Son amados antes, como el amor de Dios, que nos ama siempre antes.
Son amados antes de haber hecho cualquier cosa para
merecerlo, antes de saber hablar o pensar, incluso antes de venir al mundo. Ser
hijos es la condición fundamental para conocer el amor de Dios, que es la
fuente última de este auténtico milagro. En el alma de cada hijo, aún
vulnerable, Dios pone el sello de este amor, que es la base de su dignidad
personal, una dignidad que nada ni nadie podrá destruir.
Hoy parece más difícil para los hijos imaginar su futuro.
Los padres --lo indicaba en las catequesis precedentes-- han hecho quizá un
paso hacia atrás y los hijos se han convertido en más inciertos al dar sus
pasos hacia adelante. Podemos aprender la buena relación entre las generaciones
de nuestro Padre celeste, que nos deja libre a cada uno de nosotros pero
nunca nos deja solos. Y si nos equivocamos, continúa siguiéndonos con paciencia
sin disminuir su amor por nosotros. El Padre celeste no da pasos atrás en su
amor por nosotros, nunca, siempre va adelante. Y si no puede ir adelante, nos
espera pero nunca va atrás; quiere que sus hijos sean valientes y den sus pasos
adelante.
Los hijos, por su parte, no deben tener miedo al compromiso
de construir un mundo nuevo: ¡es justo para ellos desear que sea mejor que el
que han recibido! Pero esto se hace sin arrogancia, sin presunción. De los
hijos es necesario reconocer el valor, y a los padres se les debe honrar
siempre.
El cuarto mandamiento pide a los hijos --¡y todos lo
somos!-- honrar al padre y a la madre. Este mandamiento viene justo después de
los que se refieren a Dios. Después de los tres mandamientos que se refieren a
Dios, viene este cuarto. De hecho contiene algo de sagrado, algo que está en la
raíz de cualquier otro tipo de respeto entre los hombres.

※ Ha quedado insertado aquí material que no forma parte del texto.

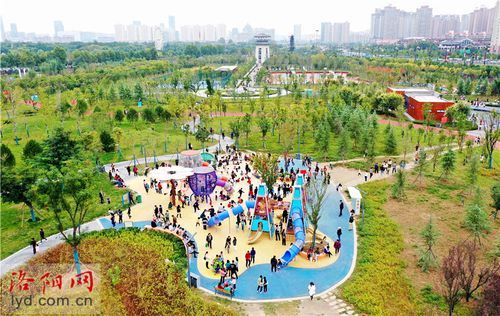 国庆假期洛阳文博体育公园成市民休闲娱乐好去处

En la formulación bíblica del cuarto mandamiento se añade:
“para que se alarguen tus días en el país que el Señor tu Dios te da”. La unión
virtuosa entre las generaciones es garantía de futuro, y es garantía de una
historia realmente humana. Una sociedad de hijos que no honran a los padres es
una sociedad sin honor, cuando no se honra a los padres se pierde el propio
honor. Es una sociedad destinada a llenarse de jóvenes ávidos y codiciosos.

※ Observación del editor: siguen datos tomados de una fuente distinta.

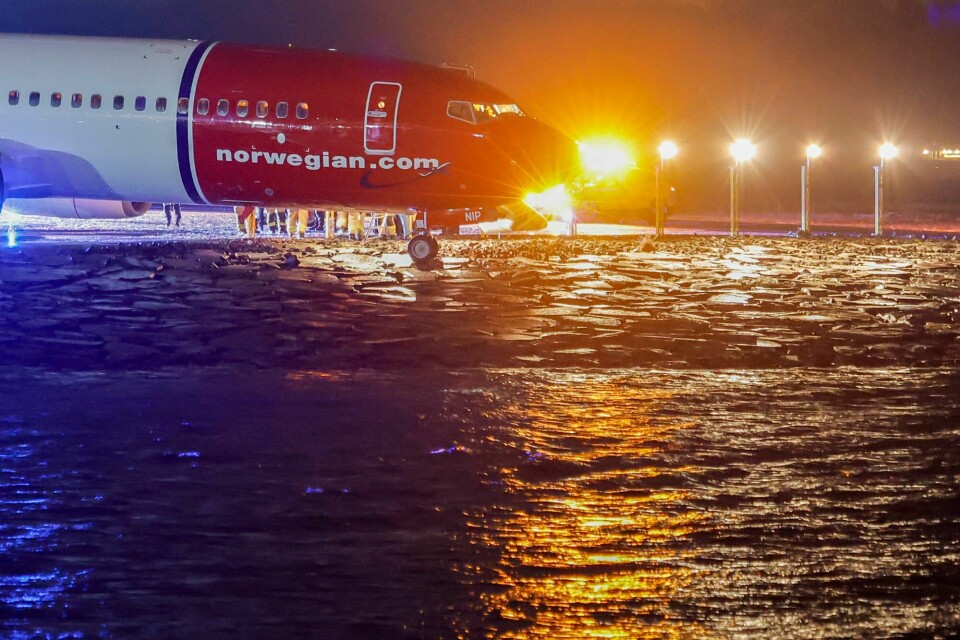 Et Norwegian-fly med 171 om bord kjørte utenfor rullebanen på Molde lufthavn torsdag kveld. Et Norwegian-fly med 171 om bord kjørte utenfor rullebanen på Molde lufthavn torsdag kveld.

Pero, también una sociedad avara de generación, que no ama
rodearse de hijos, que los considera sobre todo un preocupación, un peso, un
riesgo, es una sociedad deprimida. Pensemos en muchas sociedades que conocemos
aquí en Europa, son sociedades deprimidas porque no quieren hijos, no tienen
hijos, el nivel de nacimiento no llega al 1 por ciento.

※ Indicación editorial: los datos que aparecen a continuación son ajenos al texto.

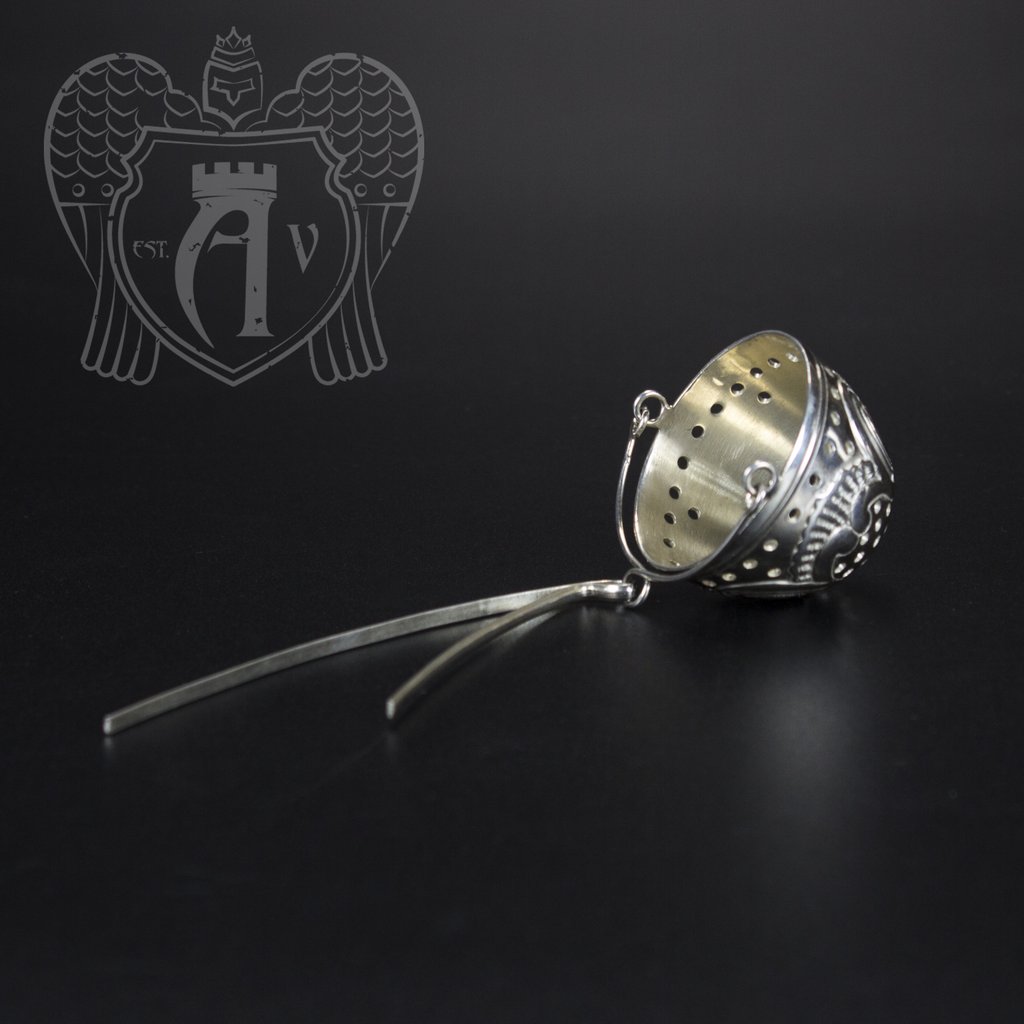 Серебряное ситечко чайное 19679 с изысканным художественным узором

¿Por qué? Cada uno que lo piense y responda. Si se mira una familia generosa de
hijos como si fuera un peso, hay algo que no va bien. La generación de los
hijos debe ser responsable, como enseña también la encíclica Humanae
Vitae del beato Papa Pablo VI, pero tener más hijos no se puede
convertir automáticamente en una elección irresponsable. Es más, no tener hijos
es una elección egoísta. La vita rejuvenece y adquiere energías
multiplicándose: ¡se enriquece, no se empobrece! Los hijos aprenden a hacerse
cargo de su familia, maduran en el compartir sus sacrificios, crecen apreciando
sus dones. La experiencia feliz de la fraternidad anima al respeto y el cuidado
de los padres, a quienes debemos nuestro reconocimiento.
Muchos de vosotros aquí tenéis hijos. Y todos somo hijos.
Hagamos algo, un minuto, no nos alargamos mucho. Cada uno piense en su corazón
en sus hijos, si los tiene. Piense en silencio. Y todos pensamos en
nuestros padres, y damos gracias a Dios por el don de la vida. En silencio, los
que tienen hijos que piensen en ellos y todos pensamos en nuestros padres.
(Momentos de silencio) Que el Señor bendiga a nuestros padres y bendiga a
vuestros hijos.
Jesús, el Hijo eterno, hecho hijo en el tiempo, nos ayude a
encontrar el camino de una nueva irradiación de este experiencia humana así de
simple y así de grande que es ser hijos. En el multiplicarse de las
generaciones hay un misterio de enriquecimiento de la vida de todos, que viene
del mismo Dios. Debemos redescubrirlo, desafiando al prejuicio; y vivirlo, en
la fe, en perfecta alegría.
Y digo qué bonito es, cuando paso entre vosotros, y veo a
los papás y las mamás que alzan a sus hijos para ser bendecidos. Este es un
gesto casi divino. Gracias por hacerlo.